--- WHAT TO WORK ON ---
Please output the listing exactly as it stands, but omit any images.

--- MATERIAL PROVIDED ---
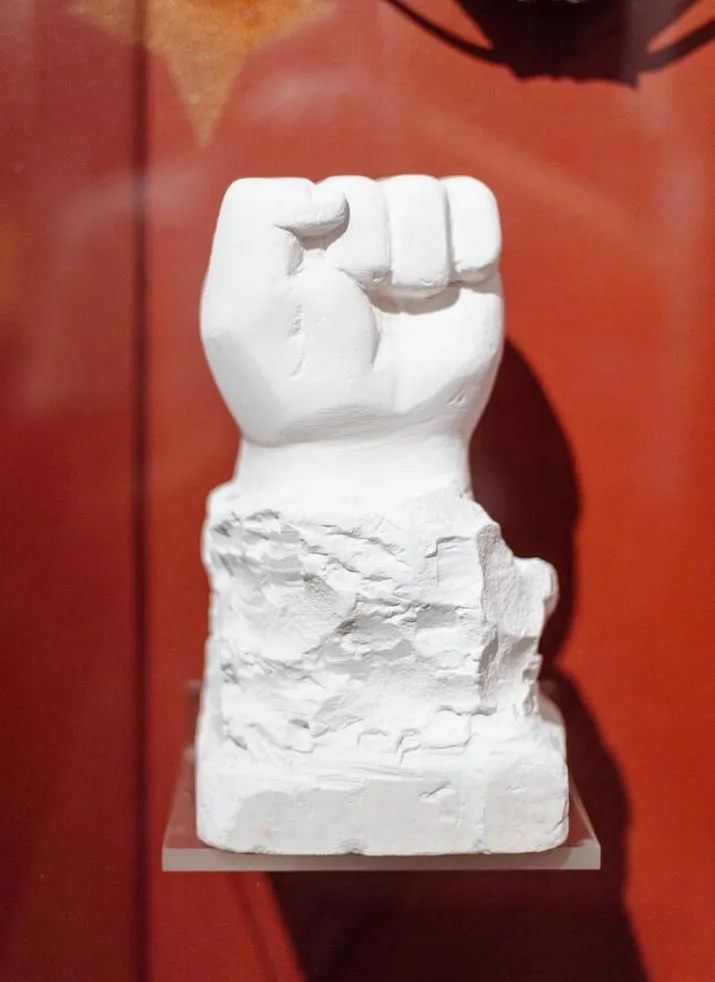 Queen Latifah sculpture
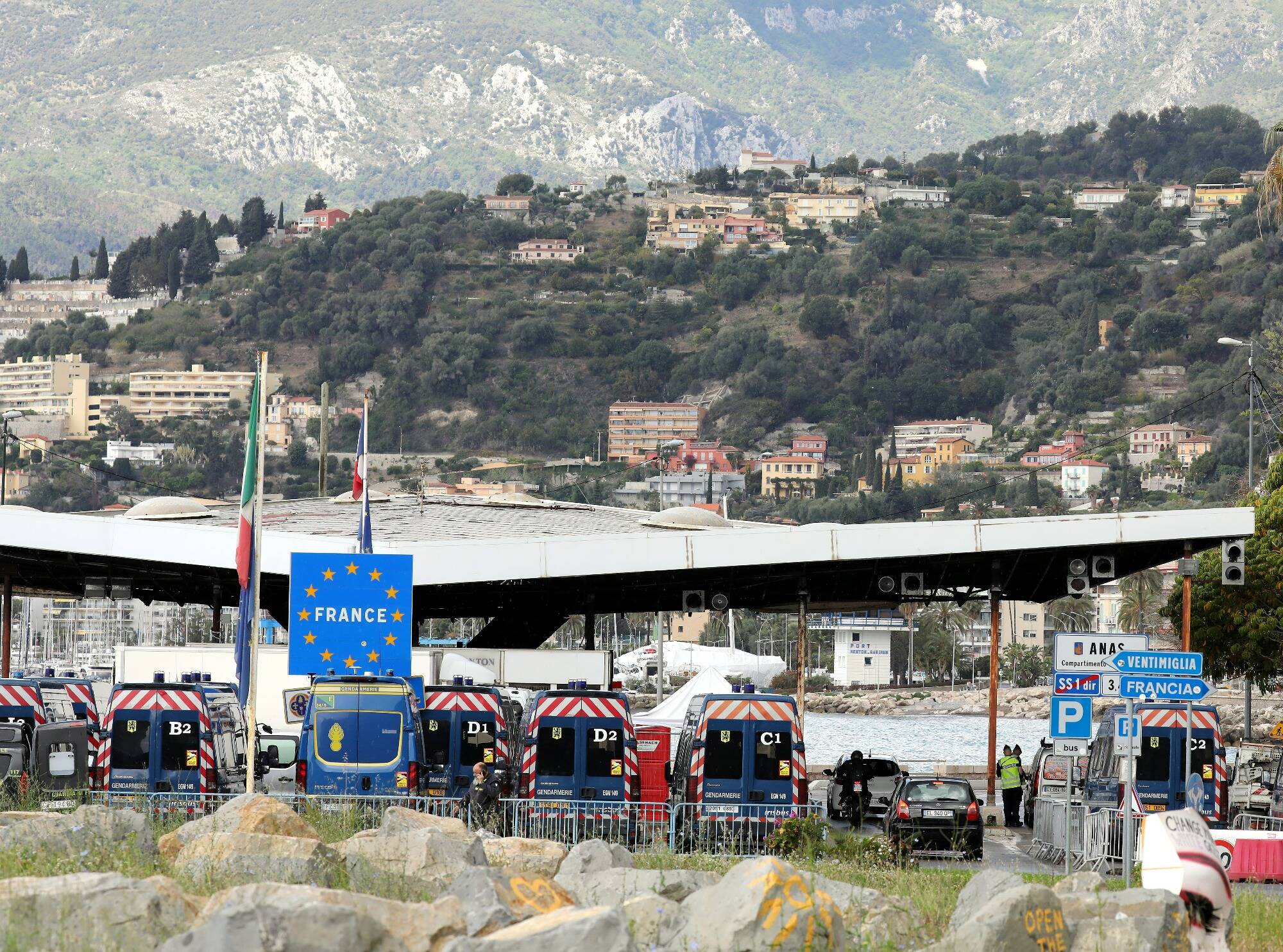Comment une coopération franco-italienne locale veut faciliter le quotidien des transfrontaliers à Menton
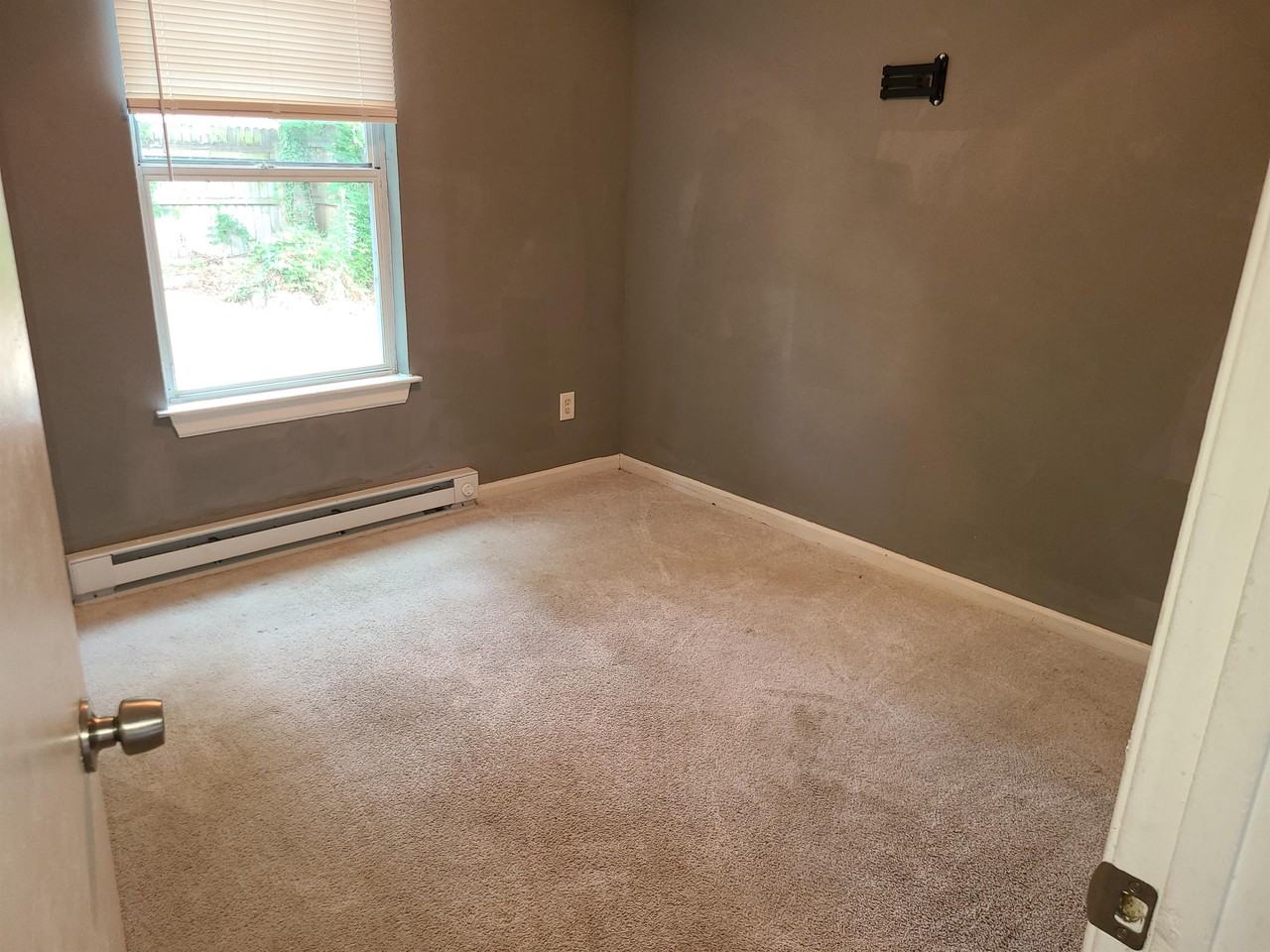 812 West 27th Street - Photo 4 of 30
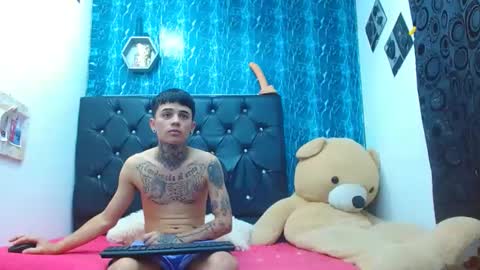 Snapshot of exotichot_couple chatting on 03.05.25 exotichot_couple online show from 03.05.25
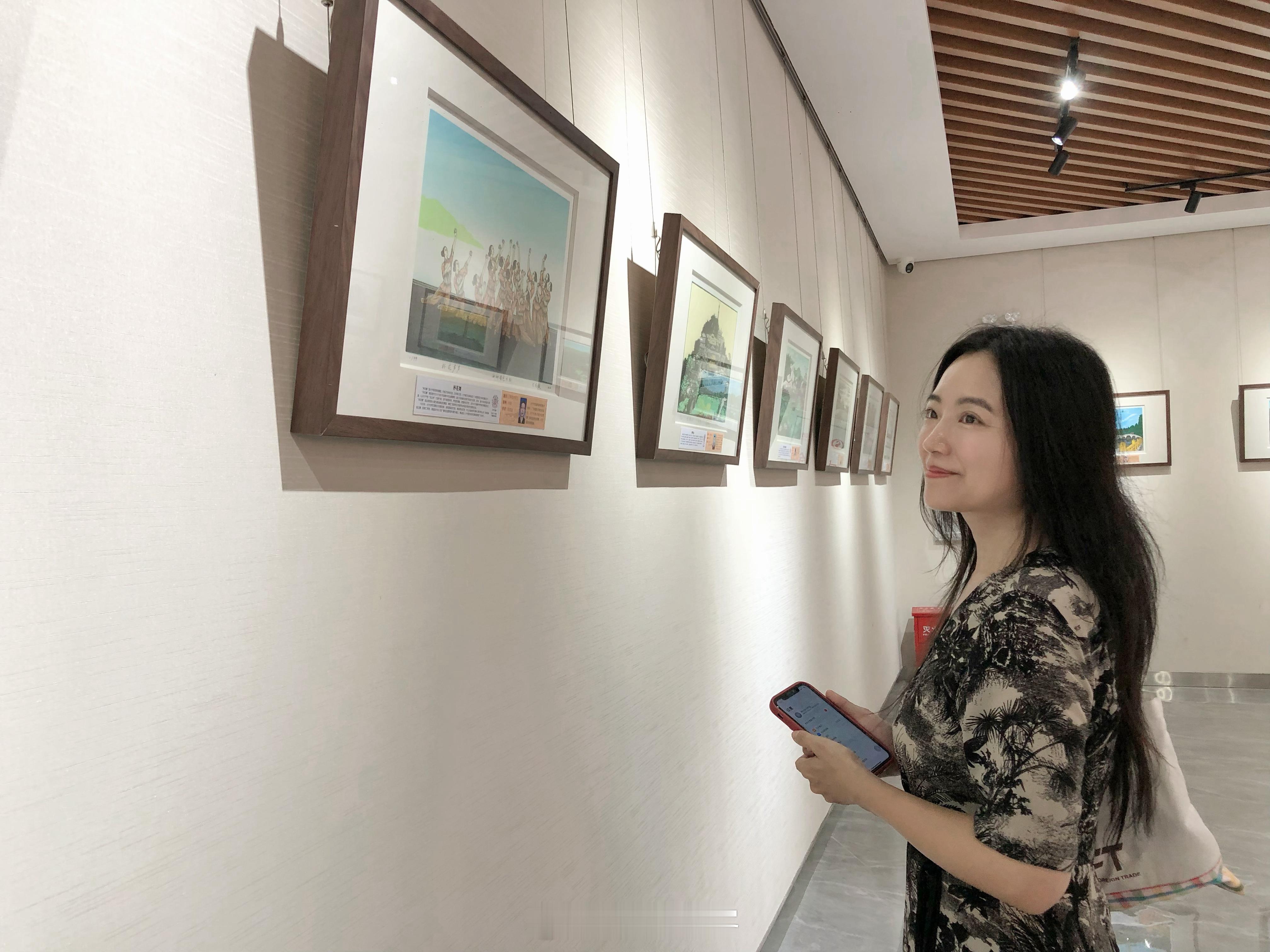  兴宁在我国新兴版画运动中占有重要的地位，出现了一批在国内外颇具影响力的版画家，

--- ANSWER TO THIS PROBLEM ---
 Queen Latifah sculpture
Comment une coopération franco-italienne locale veut faciliter le quotidien des transfrontaliers à Menton
 812 West 27th Street - Photo 4 of 30
 Snapshot of exotichot_couple chatting on 03.05.25 exotichot_couple online show from 03.05.25
  兴宁在我国新兴版画运动中占有重要的地位，出现了一批在国内外颇具影响力的版画家，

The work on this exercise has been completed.